## INFORMATION SHOWN
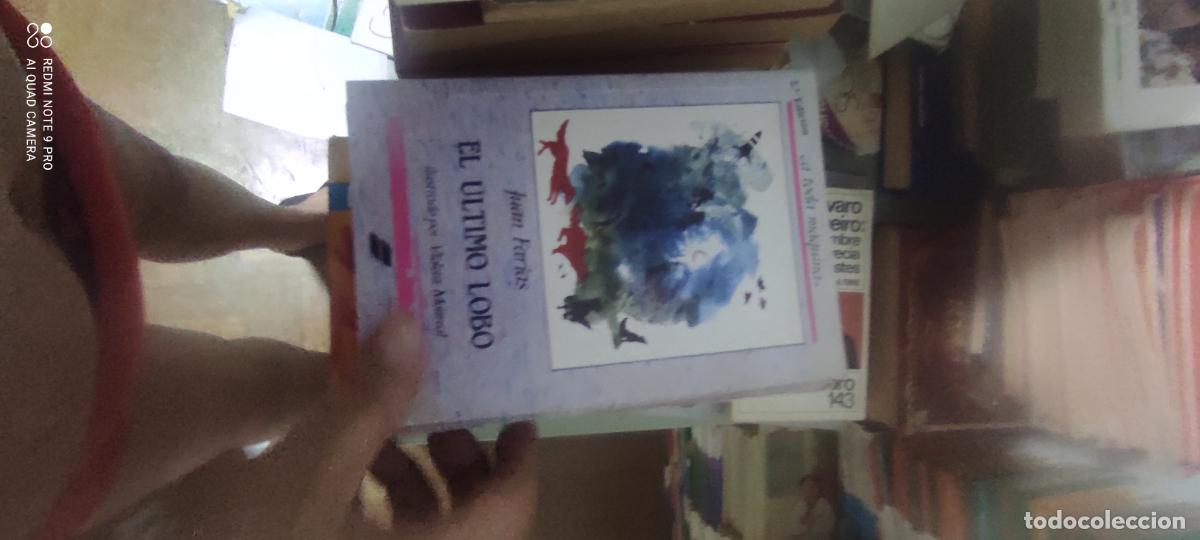 Libros de segunda mano: EL ULTIMO LOBO JUAN FARIAS COLECCION A TODA MAQUINA 19 SUSAETA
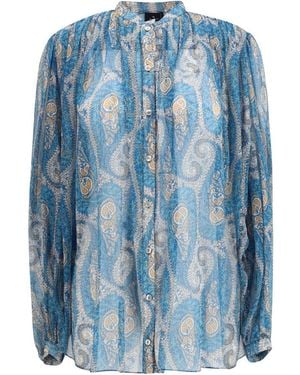 Etro Shirts - Blue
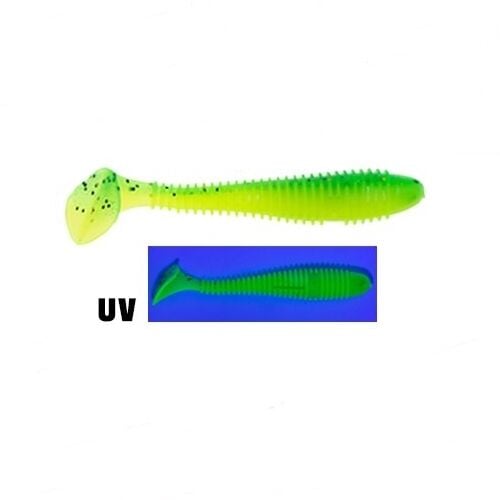 Fujin Round Bait 100mm SB006 Silikon Balık 3 lü Paket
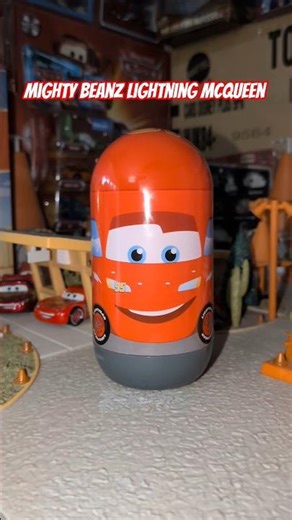 Disney Cars 2 Mighty Beanz #lightningmcqueen #cars #disneycars #disney #automobile #pixar #mattel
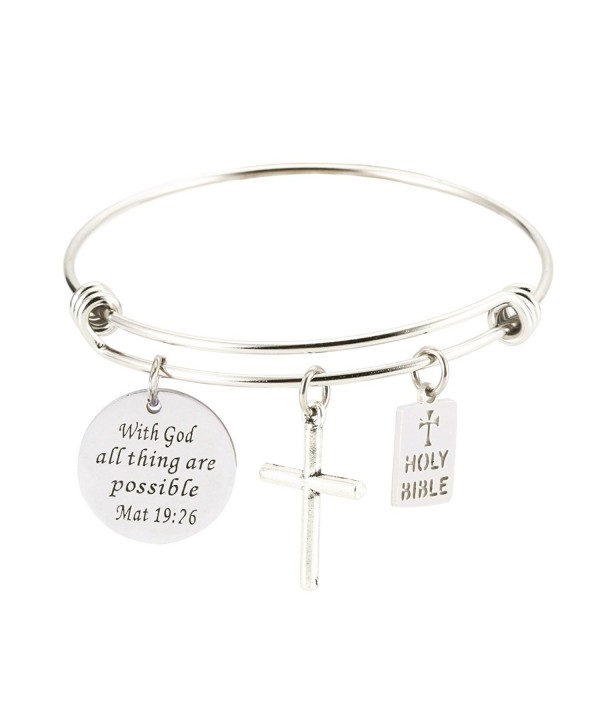 Bible Verse Inspirational Religious Bracelets possible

## TASK DESCRIPTION
Ignoring the pictures, write out word for word only the lines from the one containing "Etro Shirts - Blue" through the last line of the data, both ends included.

## SOLUTION
 Etro Shirts - Blue
 Fujin Round Bait 100mm SB006 Silikon Balık 3 lü Paket
 Disney Cars 2 Mighty Beanz #lightningmcqueen #cars #disneycars #disney #automobile #pixar #mattel
 Bible Verse Inspirational Religious Bracelets possible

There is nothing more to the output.